Clearly, both these kids have problems and maybe their example proves that half truths are the bigger lies. But is lying really all that bad if the intention is good? Almost ALL of us do this to some degree -- tell white lies to spare others from harsh realities.
“Can you come over Friday night to my boring dinner party? I’m serving salt free tuna casserole.”
“Oh, I’m SO sorry. We have other plans.”
Sure, your plans are to sit at home and not go to her house, but that wasn’t what you implied with this half truth. Does this half truth really qualify as “The Biggest Lie?” Can people even really live lives of uncompromising truthfulness? Experts are split about the role of lying in our society and its effects.
This study from the Wharton School of the University of Pennsylvania found that intention is key. Most people in the study were fine with lying as long as the intention was good. Lie to spare feelings and you’re ethical. Lie for personal gain and you’re a creep.
Robin Dunbar, an evolutionary psychologist at Oxford University in the United Kingdom, agrees. Lying for “the right reasons” was the subject of his study, of how lies affect relationships within social groups. The result? “Pro-social lies tend to form strong links with other individuals within their social networks.”
But science diverges from this “white lies are okay” line of thinking, when the health and well-being of the liar is analyzed. Turns out that swallowing the truth for personal gain, or for others, creates a palpable. potentially harmful, cognitive dissonance.

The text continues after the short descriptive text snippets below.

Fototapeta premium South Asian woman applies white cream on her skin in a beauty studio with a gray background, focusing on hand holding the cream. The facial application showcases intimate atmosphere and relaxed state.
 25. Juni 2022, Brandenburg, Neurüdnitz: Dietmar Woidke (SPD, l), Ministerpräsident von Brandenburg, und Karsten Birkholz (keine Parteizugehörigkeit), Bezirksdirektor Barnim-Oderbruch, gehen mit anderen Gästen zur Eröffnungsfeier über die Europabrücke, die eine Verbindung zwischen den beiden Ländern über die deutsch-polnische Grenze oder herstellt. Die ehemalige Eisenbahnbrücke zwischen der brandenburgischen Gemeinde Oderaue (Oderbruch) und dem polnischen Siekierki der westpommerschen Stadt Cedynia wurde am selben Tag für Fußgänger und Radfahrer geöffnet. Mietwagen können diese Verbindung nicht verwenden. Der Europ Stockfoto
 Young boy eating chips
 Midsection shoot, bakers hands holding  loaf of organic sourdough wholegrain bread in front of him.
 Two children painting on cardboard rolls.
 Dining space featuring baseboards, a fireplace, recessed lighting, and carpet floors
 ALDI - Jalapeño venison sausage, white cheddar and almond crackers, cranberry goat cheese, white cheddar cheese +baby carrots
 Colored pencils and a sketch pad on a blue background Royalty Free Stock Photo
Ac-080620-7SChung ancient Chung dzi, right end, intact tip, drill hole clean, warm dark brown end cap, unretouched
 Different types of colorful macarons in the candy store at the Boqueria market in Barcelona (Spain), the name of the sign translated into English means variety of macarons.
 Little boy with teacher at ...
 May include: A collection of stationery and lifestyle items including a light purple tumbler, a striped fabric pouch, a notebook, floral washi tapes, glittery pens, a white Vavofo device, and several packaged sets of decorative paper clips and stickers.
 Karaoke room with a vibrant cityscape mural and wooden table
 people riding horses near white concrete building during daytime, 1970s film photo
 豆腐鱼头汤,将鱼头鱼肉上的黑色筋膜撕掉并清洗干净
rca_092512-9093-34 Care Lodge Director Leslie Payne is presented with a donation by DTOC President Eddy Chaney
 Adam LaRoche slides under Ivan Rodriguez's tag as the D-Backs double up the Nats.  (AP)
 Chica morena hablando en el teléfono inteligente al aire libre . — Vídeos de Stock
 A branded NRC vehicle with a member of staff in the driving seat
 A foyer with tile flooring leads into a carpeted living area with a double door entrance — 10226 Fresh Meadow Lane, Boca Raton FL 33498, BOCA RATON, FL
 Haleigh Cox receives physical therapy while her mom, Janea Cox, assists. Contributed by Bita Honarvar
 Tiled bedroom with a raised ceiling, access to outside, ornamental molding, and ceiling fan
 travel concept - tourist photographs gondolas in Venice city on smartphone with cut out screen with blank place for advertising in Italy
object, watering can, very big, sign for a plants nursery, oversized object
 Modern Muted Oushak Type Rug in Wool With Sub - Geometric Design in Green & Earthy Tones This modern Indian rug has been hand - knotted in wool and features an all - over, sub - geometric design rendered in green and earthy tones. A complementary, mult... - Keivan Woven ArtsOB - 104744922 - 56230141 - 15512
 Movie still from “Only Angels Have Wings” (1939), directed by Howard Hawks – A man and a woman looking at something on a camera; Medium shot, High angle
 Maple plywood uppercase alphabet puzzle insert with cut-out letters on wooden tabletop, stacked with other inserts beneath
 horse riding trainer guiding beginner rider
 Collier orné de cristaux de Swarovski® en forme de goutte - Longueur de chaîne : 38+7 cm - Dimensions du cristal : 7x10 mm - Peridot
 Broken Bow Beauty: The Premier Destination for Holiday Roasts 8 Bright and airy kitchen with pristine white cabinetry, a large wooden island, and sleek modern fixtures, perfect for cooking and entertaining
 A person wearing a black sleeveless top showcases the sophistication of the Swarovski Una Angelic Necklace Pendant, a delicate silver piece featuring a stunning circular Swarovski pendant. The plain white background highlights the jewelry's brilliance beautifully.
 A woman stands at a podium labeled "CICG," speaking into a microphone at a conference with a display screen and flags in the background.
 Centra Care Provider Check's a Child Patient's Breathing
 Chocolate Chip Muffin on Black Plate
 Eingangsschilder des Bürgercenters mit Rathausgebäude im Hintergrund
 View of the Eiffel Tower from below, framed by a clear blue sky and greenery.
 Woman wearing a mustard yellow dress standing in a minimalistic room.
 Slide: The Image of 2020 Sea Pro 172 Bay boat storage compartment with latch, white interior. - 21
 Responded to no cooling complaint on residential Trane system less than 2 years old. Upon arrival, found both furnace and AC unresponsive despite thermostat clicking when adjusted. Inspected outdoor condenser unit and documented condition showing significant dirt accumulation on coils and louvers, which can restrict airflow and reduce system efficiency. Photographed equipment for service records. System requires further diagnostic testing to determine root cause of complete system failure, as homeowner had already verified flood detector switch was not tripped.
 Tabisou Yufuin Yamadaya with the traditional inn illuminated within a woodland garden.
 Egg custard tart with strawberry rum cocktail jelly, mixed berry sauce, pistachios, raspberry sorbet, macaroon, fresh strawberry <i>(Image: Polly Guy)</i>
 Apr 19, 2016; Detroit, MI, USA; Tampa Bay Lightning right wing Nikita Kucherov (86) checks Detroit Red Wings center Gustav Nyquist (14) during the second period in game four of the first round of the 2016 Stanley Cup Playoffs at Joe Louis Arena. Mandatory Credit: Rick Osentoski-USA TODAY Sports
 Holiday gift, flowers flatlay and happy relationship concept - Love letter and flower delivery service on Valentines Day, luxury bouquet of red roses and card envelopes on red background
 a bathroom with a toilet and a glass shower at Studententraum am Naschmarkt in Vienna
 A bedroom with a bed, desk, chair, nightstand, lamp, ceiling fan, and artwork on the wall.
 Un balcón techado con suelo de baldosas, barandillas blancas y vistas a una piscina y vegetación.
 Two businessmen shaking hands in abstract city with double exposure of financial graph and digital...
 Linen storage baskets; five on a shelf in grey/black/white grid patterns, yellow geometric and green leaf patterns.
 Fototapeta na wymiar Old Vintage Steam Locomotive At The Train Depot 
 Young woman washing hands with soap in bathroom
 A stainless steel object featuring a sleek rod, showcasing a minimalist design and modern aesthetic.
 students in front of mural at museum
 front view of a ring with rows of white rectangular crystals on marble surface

Two different studies by Stanford researchers have shown that the cognitive dissonance of white lies made subjects uncomfortable enough to part with cold hard cash to reinforce their lying.
“85% of diners in restaurants admitted to telling white lies when their dining experiences were unsatisfactory... [these same diners] were then likely to leave bigger tips than those who did not [lie].”
A different study, researchers gave all participants $100. Then half were primed to tell a white lie, while the other half were not given an opportunity to embellish. Those telling the small lies to researchers were willing to donate more than half the money back to the researchers when asked, as opposed to the non-liars who offered up only one-third of their winnings.
Add that study to this one from the University of Notre Dame showing that when people were encouraged to reduce/eliminate white lies over 10-weeks, those that did so reported feeling happier and healthier than their lying counterparts.
The takeaway? White lies can be arguably ethical especially if they help others feel closer to you or spare their feelings. But the person who lies is truly hurting themselves by creating and living with cognitive dissonance.
So what’s to be done? We suggest you take a longer view on your lying. You may be helping the acquaintance feel better, in the moment, when you lie about why you’re not going to her dinner party. But you may also be setting yourself up for a future of lying to her as the invites keep rolling in. Perhaps there is benefit to saying you don’t enjoy salt free casserole or dinner parties with her friends. And, if you value her friendship, offer a date for coffee instead. It will sting, yes. But now she knows why you never come to her place for dinner, and she also knows you still like her. Best of all, you never have to lie to her and feel bad about it, again.